Provided data:

⁂

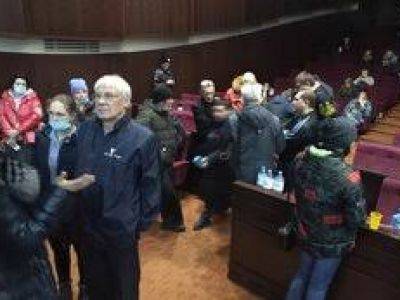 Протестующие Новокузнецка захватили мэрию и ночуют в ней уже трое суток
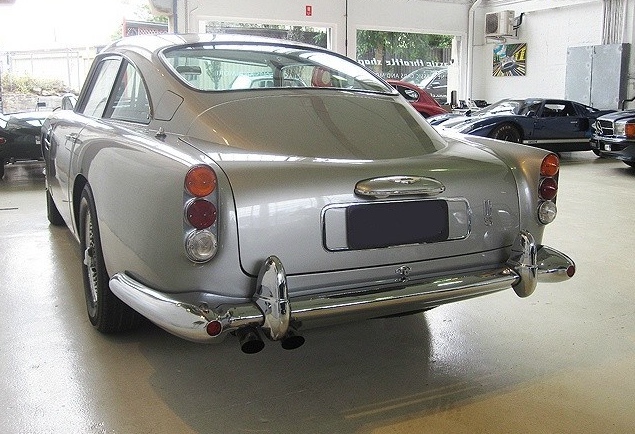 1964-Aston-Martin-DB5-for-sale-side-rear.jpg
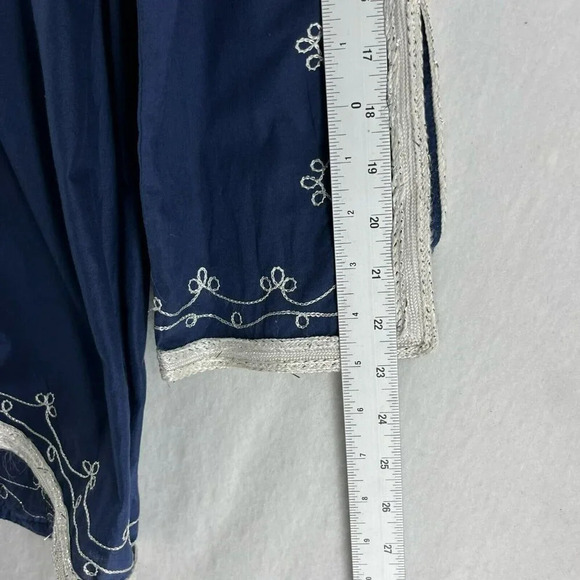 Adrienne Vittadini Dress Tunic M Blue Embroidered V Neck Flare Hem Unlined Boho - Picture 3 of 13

⁂

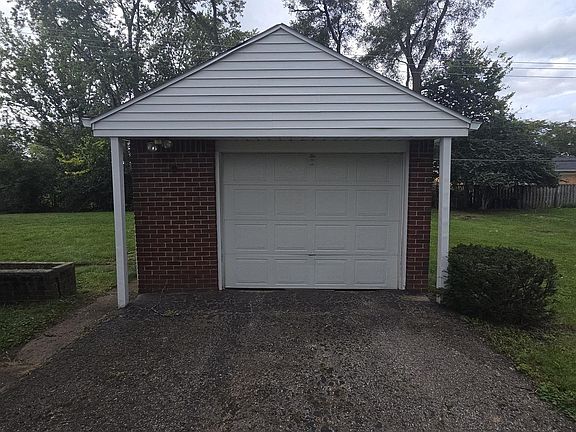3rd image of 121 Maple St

⁂

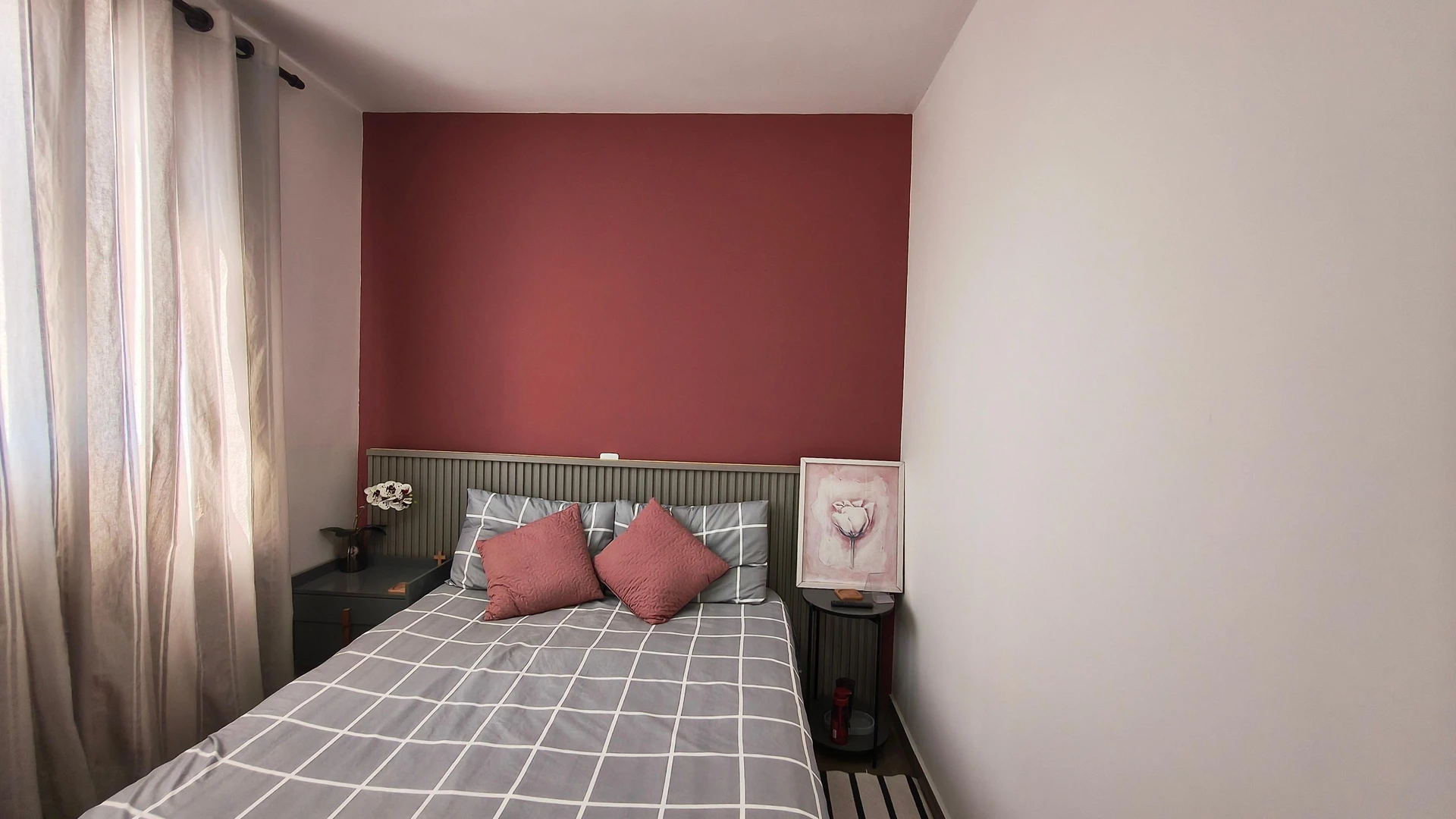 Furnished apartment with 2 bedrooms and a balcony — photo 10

⁂

Your instructions: Extract from the material above the stretch running from the line containing "Протестующие Новокузнецка захватили" through the line containing "Adrienne Vittadini Dress". Keep the text exact and the pictures out.

Exercise answer:
 Протестующие Новокузнецка захватили мэрию и ночуют в ней уже трое суток
 1964-Aston-Martin-DB5-for-sale-side-rear.jpg
 Adrienne Vittadini Dress Tunic M Blue Embroidered V Neck Flare Hem Unlined Boho - Picture 3 of 13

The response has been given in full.